_Data provided_:

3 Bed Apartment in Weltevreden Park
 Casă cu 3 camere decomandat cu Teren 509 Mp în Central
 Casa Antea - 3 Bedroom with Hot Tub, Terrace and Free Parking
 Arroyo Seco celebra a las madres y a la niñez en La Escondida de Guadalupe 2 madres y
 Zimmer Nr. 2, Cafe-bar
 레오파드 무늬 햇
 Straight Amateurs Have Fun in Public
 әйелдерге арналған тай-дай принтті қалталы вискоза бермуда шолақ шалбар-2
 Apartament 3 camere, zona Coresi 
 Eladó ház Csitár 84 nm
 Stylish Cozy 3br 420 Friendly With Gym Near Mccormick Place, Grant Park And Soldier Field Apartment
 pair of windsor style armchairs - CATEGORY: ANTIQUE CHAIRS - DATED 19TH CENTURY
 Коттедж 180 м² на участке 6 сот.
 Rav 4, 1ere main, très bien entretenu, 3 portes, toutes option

_Task goal_: Beginning with the line that holds "Eladó ház Csitár 84 nm" and ending with the last line of the material, output each line exactly and nothing beyond them.

_Exercise output_:
 Eladó ház Csitár 84 nm
 Stylish Cozy 3br 420 Friendly With Gym Near Mccormick Place, Grant Park And Soldier Field Apartment
 pair of windsor style armchairs - CATEGORY: ANTIQUE CHAIRS - DATED 19TH CENTURY
 Коттедж 180 м² на участке 6 сот.
 Rav 4, 1ere main, très bien entretenu, 3 portes, toutes option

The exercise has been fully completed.